- [What the exercise asks]:
Once the line containing "Gold Olive One-Shoulder" is found in the records below, return it and each following line exactly, up to and including the line containing "Silence Japan Premiere- Kubozuka", and nothing else.

- [Data for this task]:
________________________________________

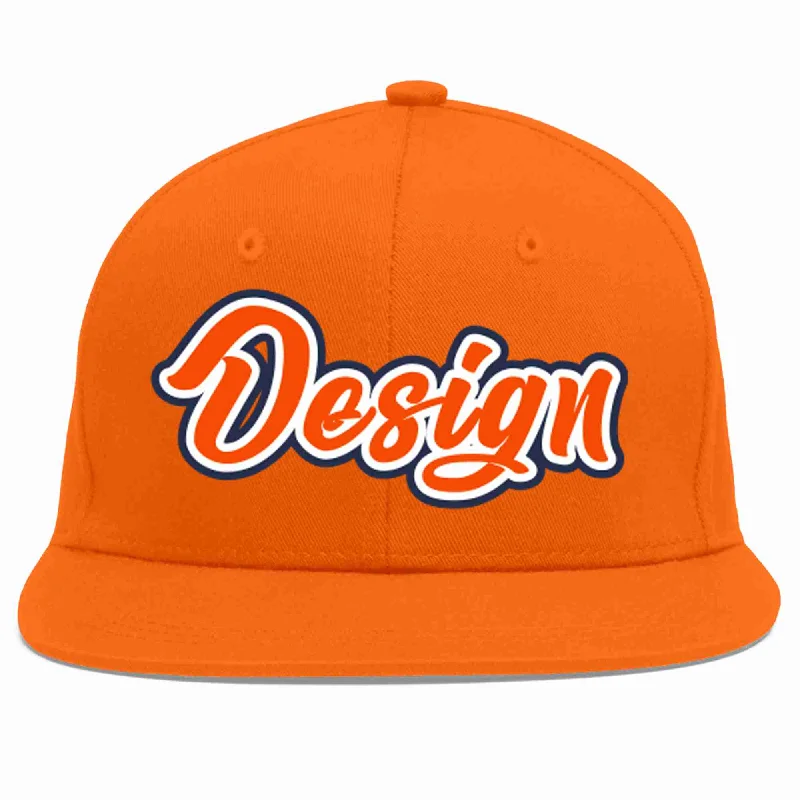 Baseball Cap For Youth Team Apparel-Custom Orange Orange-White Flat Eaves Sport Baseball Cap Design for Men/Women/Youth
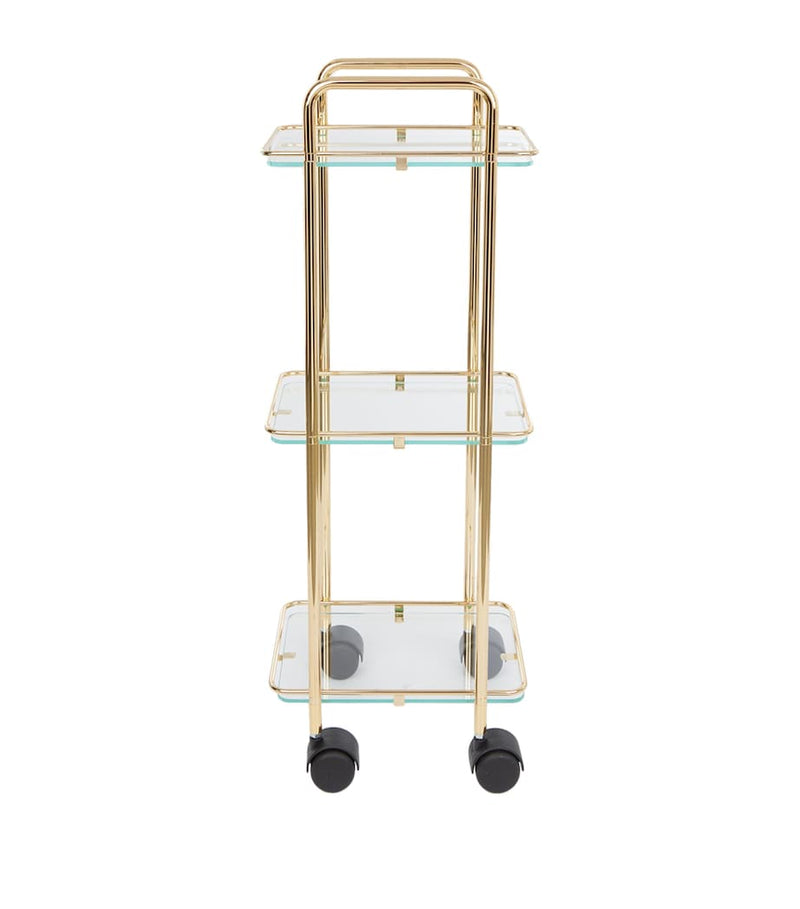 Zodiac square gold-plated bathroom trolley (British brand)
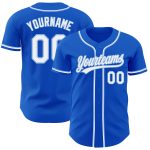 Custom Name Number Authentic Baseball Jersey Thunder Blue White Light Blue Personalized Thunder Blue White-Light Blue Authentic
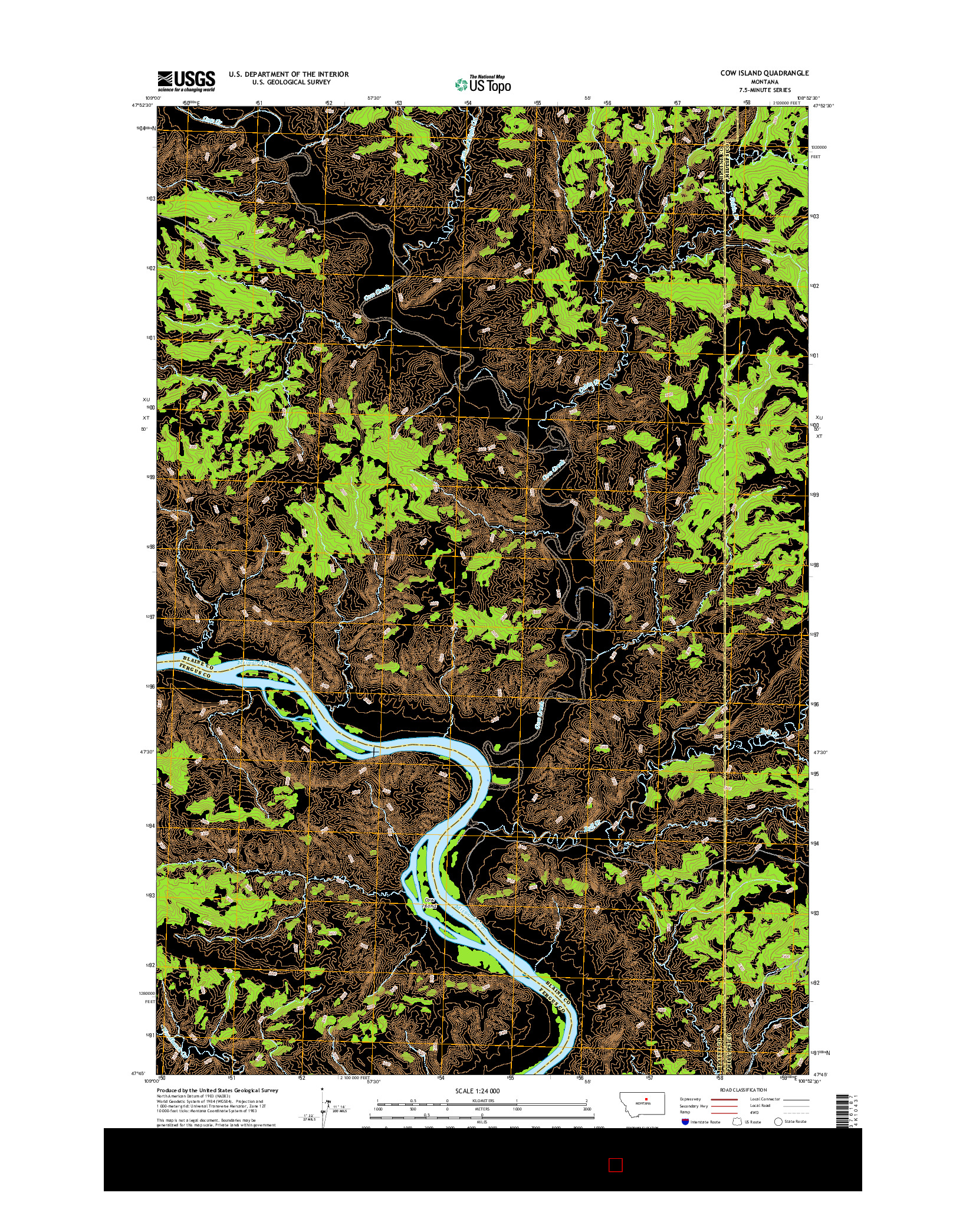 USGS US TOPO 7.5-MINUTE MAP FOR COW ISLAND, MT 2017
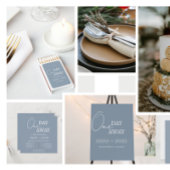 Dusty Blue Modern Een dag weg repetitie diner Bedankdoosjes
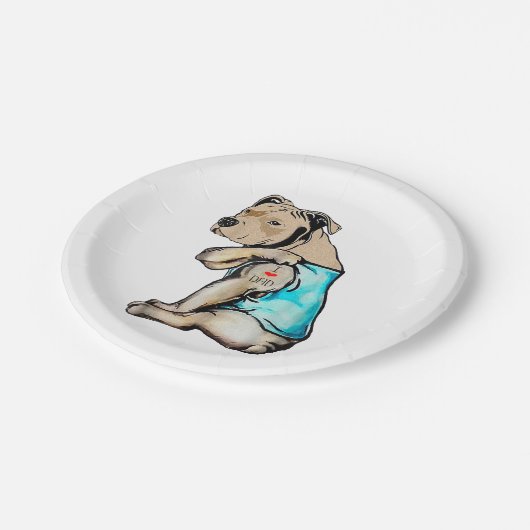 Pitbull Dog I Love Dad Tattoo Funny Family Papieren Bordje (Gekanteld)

________________________________________

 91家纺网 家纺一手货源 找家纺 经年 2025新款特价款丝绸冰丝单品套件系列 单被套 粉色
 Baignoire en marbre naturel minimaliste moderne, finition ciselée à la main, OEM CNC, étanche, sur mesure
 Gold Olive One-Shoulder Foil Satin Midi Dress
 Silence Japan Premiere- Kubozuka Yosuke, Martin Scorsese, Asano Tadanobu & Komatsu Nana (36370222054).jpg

________________________________________

- [Completed task]:
 Gold Olive One-Shoulder Foil Satin Midi Dress
 Silence Japan Premiere- Kubozuka Yosuke, Martin Scorsese, Asano Tadanobu & Komatsu Nana (36370222054).jpg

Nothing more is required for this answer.